History came alive at the Springfield-Greene County Library Center on Monday, March 28, thanks to some members of the OTC faculty and staff.
The Ozark Mountain chapter of the Sons of the American Revolution presented the event, entitled “A General, A County and Two Soldiers,” during a meeting of History Explorers.
The presentations by OTC faculty and staff gave the audience a glimpse into the lives of those involved in the Revolutionary War.
“We’re all about historic preservation,” said J. Howard Fisk, a member of the Ozark Mountain chapter as well as a member of the OTC Board of Trustees. “We are part of the past and we are thinking about who we are based on our past, our ancestors.”
Todd Wilkinson of the OTC Learning Research Center talked about William Freeman, a patriot soldier from North Carolina who saw action in several Revolutionary War battles.
After the war, Freeman moved to Greene County and established a farm located at what is now Cherry Street and Glenstone Avenue. He was buried in the National Cemetery in Springfield and is the only Revolutionary War soldier buried there.
Greg French, a history instructor at OTC, presented the life of Maj. Gen. Nathanael Greene, for whom Greene County is named.
“He is forgotten in many ways but he was (Gen. George) Washington’s right-hand man,” French said.

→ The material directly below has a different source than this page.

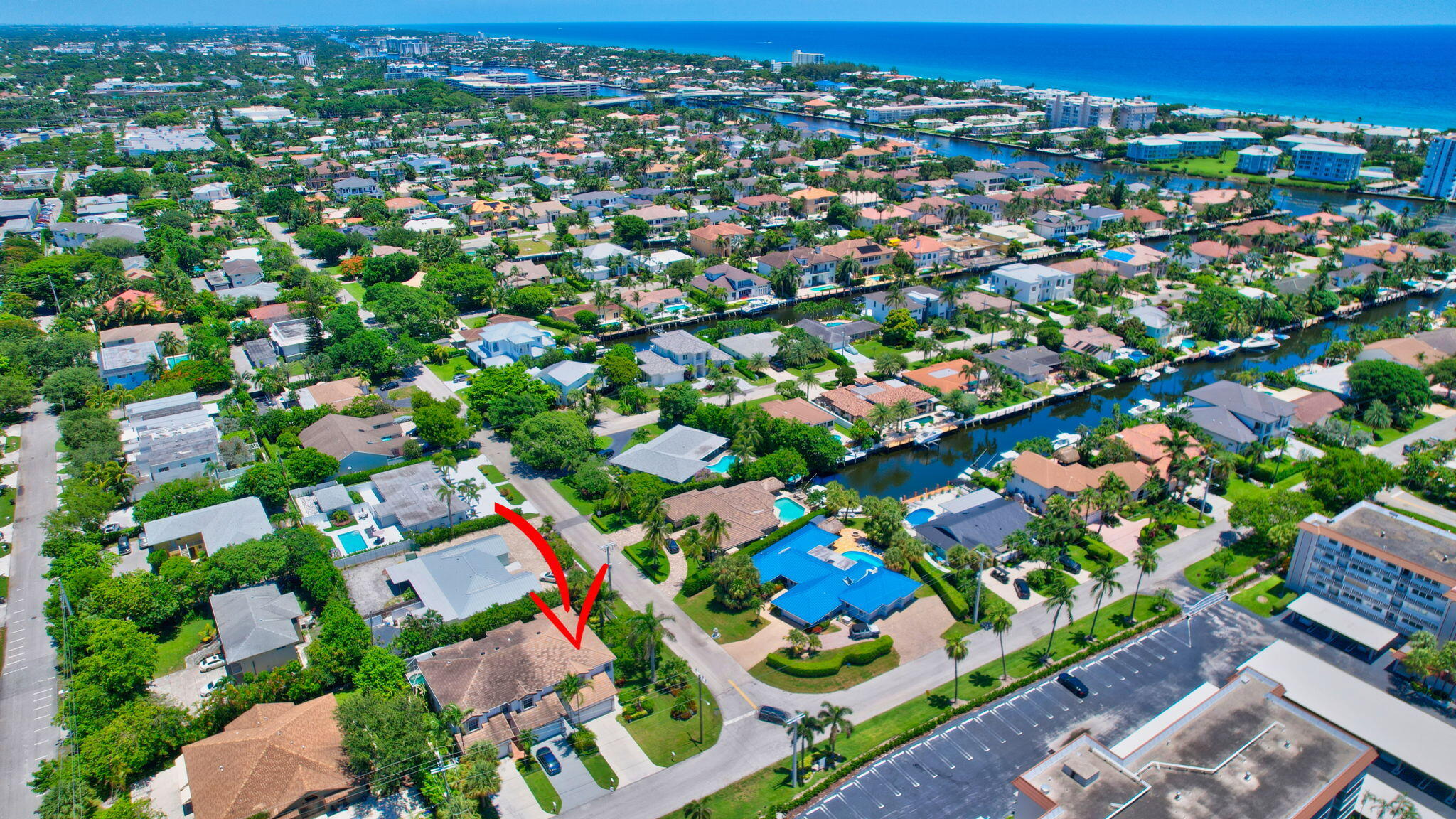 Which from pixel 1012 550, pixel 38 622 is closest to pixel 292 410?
pixel 38 622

Greene was the youngest general in the U.S. Continental Army and fought in a number of key battles.
Zachary Zweigle, history instructor and department chair of the social sciences department at OTC, discussed Pvt. James Barham, who was at Yorktown when the British army surrendered in 1781.
Barham moved to Greene County in 1846 and settled near Willard. His daughter and her husband established the Mount Pleasant Baptist Church in Willard. Barham died just before the end of the Civil War at age 101.
Laura French, coordinator of public information, gave a presentation on the colonial lifestyle, reviewing everything from how folks dressed to what they ate.
“What you wore depended on your social class,” she said. “The folks ate chicken, deer, pork but not a lot of fruit and vegetables because there weren’t any refrigerators to keep foods preserved. They didn’t drink a lot of water because they couldn’t be sure the water was safe.”
Fisk encouraged the audience to explore their own history.
“History is as close as the nearest book. Talk to your oldest relatives and ask them about what their grandparents told them. There are great stories to learn. You might be surprised who you really are.”
There will be another meeting of History Explorers at the Library Center on July 26 at 7 p.m.